-- Data listing follows --

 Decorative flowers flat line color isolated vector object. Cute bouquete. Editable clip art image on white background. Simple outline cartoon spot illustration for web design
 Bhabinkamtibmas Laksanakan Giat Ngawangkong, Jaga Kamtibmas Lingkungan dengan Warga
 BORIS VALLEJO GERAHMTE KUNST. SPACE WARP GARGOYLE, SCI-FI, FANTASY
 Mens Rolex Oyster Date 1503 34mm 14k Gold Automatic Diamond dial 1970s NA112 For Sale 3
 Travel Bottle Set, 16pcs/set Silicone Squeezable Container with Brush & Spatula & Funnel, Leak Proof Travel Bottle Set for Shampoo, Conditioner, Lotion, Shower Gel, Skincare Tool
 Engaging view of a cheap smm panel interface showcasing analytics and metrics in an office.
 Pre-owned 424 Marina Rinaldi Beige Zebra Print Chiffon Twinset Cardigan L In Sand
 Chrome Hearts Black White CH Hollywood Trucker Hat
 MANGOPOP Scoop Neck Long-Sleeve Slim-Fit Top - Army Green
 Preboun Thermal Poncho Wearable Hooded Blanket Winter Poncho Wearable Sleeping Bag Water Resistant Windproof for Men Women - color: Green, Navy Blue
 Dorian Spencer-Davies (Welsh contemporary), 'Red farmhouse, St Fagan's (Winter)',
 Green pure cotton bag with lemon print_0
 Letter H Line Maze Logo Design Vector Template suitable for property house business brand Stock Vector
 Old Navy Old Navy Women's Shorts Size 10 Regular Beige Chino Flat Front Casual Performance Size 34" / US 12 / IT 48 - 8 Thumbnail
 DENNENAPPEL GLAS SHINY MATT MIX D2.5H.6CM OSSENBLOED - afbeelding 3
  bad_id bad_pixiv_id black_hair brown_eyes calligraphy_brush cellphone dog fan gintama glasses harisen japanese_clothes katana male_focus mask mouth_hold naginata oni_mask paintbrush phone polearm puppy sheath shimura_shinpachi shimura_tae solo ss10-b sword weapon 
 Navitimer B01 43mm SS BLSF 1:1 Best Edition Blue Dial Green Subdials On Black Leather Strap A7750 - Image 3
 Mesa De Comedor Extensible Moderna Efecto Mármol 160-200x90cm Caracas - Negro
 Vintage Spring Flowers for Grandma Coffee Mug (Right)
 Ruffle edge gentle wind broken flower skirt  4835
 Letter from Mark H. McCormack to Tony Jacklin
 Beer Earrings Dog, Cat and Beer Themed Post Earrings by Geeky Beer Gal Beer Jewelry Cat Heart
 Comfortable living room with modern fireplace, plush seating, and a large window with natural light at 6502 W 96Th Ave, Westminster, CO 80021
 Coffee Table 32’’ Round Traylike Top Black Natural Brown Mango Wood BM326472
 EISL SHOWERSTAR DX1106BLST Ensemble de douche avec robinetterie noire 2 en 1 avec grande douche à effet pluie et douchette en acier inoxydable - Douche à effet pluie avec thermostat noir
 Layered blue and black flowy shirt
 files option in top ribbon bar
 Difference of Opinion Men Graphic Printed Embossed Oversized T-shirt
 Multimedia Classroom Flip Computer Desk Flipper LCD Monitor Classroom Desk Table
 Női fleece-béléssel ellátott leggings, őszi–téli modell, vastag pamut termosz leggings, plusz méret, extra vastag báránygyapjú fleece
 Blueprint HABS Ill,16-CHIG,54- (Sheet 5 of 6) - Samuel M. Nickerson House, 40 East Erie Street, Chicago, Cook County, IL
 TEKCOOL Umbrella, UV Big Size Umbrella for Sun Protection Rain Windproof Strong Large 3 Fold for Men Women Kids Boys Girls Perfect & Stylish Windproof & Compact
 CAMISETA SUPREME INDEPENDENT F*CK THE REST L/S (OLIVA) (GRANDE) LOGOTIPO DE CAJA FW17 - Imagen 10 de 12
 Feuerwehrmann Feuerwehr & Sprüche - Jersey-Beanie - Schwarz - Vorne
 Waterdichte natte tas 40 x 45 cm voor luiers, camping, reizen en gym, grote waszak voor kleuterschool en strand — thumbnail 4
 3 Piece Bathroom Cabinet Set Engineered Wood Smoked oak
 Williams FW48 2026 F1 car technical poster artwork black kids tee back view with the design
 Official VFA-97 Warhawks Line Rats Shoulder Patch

-- Data listing concluded --

Try it: Give back only the lines from the one containing "3 Piece Bathroom" through the final line of the entries above, exactly as written, both included.

Exercise solution:
 3 Piece Bathroom Cabinet Set Engineered Wood Smoked oak
 Williams FW48 2026 F1 car technical poster artwork black kids tee back view with the design
 Official VFA-97 Warhawks Line Rats Shoulder Patch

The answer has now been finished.